どこからか迷い込んできたのだろうか。蛾が一匹、電球の回りを羽ばたいている。鱗粉を煌めかせ、電灯の笠の上に積もった埃を舞わせ、ぱたぱた、と、ぱたぱたと、飛んでいる。その動きは休まることなく、盲目的に、或いは白痴のように、光により近づこうと、羽をはためかせている。頭を何度、白熱電球の表面にぶつけても、迷いもせず、躊躇いもせず、蛾はぱたぱたと、ぱたぱたと、電灯の回りを飛び続け、手の上に影を落としている。
ぱたぱた、ぱたぱた。
その影が鈍く光る銀色の上…リボルバーの上へ落ちた。
かつては鏡のようだった表面もオイルと手垢、細かな傷で曇り、何かに引っかけたのだろうか、人差し指ほどの長さしかない短い銃身にはまっすぐ、深い傷が出来ている。使い古され、倉庫の隅にでも仕舞われ、忘れ去られていたような拳銃だ。
撃鉄は上がっていないが、銃爪を引けばハンマーも上がるダブルアクション方式の拳銃のようだ。そして、回転弾倉には鉛の弾丸が五つ、全ての弾倉へ込められている。トリガーを絞ればいつでもその収められた.38splは目的を果たすために、勇み足で飛び出す猟犬のように空を裂き、大気を焦し、その先にあるものを穿ち貫くことだろう。

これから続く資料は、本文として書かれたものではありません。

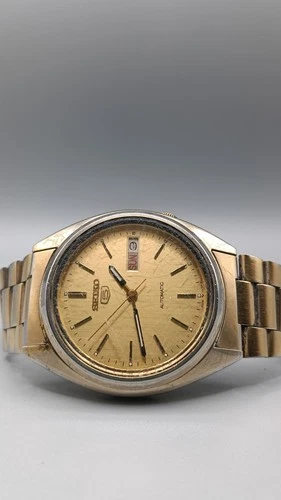 Vintage Seiko 5 Automatic DD FR/ENG 7009-3040 Gold Tone Men's Watch Working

人が殺すためだけに作った凶悪で極悪で創造性の欠片もない、無慈悲な鉄の塊。武器。
それを握っているのは…握らされているのは、魔理沙、霧雨魔理沙だった。
「……」
魔理沙はスチールの椅子に腰掛け、同じ材質と意匠の机の上に無造作に両腕を投げ出していた。背もたれには背中が触れる程度、浅く腰をかけ、浅くゆっくりとした呼吸を繰り返している。視線は宙を眺めるよう、テーブルの上に向けられている。スチールのテーブルは使い古さているのか細かな傷が幾つも走っていたが、落書きは愚か、何かしらこの机が普段はどういった用途に使われているのか、それを推測させるような、日焼けや汚れの跡も残されてはいなかった。
部屋にある備品はそれだけだ。
五歩も歩けば反対側の壁に行き当たるような部屋は狭く、寒い。白い壁と白い床、飾り気のない椅子と机に、白々しいまでに強い光を放つ電灯のせいで余計に寒く、狭く感じられた。
部屋にいるのは魔理沙と蛾だけで、他には誰も、鼠やヤモリの一匹さえもいない。
いや、ある意味ではそれは当然だ。
正方形の形をした部屋は六面、四方向の壁と床天井、何処を見ても真っ白なコンクリートで出来ているだけで、出入り口は愚か窓さえも見当たらない。天井の電灯さえなければ横に転がしたところで、何処が上だったのか、その判別がつかないほど、部屋はまるで箱の中のような印象を与えてくる。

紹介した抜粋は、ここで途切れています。